FOR Waterford publican, Tommy Geraghty, business at The Screaming Goat bar has been slow the last couple of years, despite his accountant reporting a 34% increase volume in alcohol being sold.
“I can’t make head nor tails of it,” the 59-year-old insisted, now ordering an Eastern European staff member to pull him a pint from the bottom bar as the runoff is better there’, “we’ve gone through an extra 300 barrels of the black stuff last year, yet we’re actually down on revenue? Something is wrong, somewhere”.
Gulping into his lunchtime pint, Geraghty looked down past his nose, complete with a burst purple blood vessel, to the end of the glass, when a conclusion suddenly dawned on him.

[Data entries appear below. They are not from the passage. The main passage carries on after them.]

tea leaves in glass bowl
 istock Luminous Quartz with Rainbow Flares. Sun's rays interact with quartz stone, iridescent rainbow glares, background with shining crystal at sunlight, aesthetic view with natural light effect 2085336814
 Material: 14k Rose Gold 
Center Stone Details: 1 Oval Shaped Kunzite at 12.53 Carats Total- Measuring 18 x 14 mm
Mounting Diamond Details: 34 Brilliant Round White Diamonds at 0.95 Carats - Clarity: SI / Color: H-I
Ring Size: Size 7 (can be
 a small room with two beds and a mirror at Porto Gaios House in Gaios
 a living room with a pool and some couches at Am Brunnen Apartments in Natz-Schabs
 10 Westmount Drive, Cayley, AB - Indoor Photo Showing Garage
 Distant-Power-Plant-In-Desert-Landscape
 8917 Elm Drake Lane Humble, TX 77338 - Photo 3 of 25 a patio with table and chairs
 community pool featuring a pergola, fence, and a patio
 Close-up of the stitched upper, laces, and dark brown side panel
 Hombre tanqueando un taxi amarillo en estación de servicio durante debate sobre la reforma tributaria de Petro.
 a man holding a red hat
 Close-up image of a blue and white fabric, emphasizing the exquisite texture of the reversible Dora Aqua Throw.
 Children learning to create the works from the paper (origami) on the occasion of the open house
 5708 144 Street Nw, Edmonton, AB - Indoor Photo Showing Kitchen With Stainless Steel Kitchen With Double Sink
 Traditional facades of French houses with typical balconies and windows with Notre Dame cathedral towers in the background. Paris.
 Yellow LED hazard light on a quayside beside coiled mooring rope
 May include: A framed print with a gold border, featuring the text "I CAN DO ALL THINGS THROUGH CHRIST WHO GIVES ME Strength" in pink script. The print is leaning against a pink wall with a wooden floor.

“Someone’s fuckin’ robbing me!” he gasped, giving the barman a nod to put on another pint, “I’m going to have to get cameras over the taps and register, someone’s handing out free pints to their friends”.
“It’s so hard to get decent Irish staff these days, sure you wouldn’t know what these Polish lads were at over beyond”.
Mr. Geraghty purchased The Screaming Goat in 2002, with the business employing hundreds of non-national workers over the years, for as little as possible per hour.
“Don’t get me wrong, they’re great little workers in fairness to them now,” he added, already halfway through his second pint, “but since the wife left me in 2012, the profits have just plunged, and I guarantee you it’s one of them taking advantage of the situation and fleecing me”.
Coincidentally, the grandson of four also drinks Guinness, which, according to the books, seems to be the only beer tap affected by plungling sales, followed by hundreds of missing Powers Whiskey bottles.
“I’ll have to keep an eye on the staff now to see who’s drinking what,” Geraghty concluded, before now ordering a whiskey chaser to ‘settle the nerves’.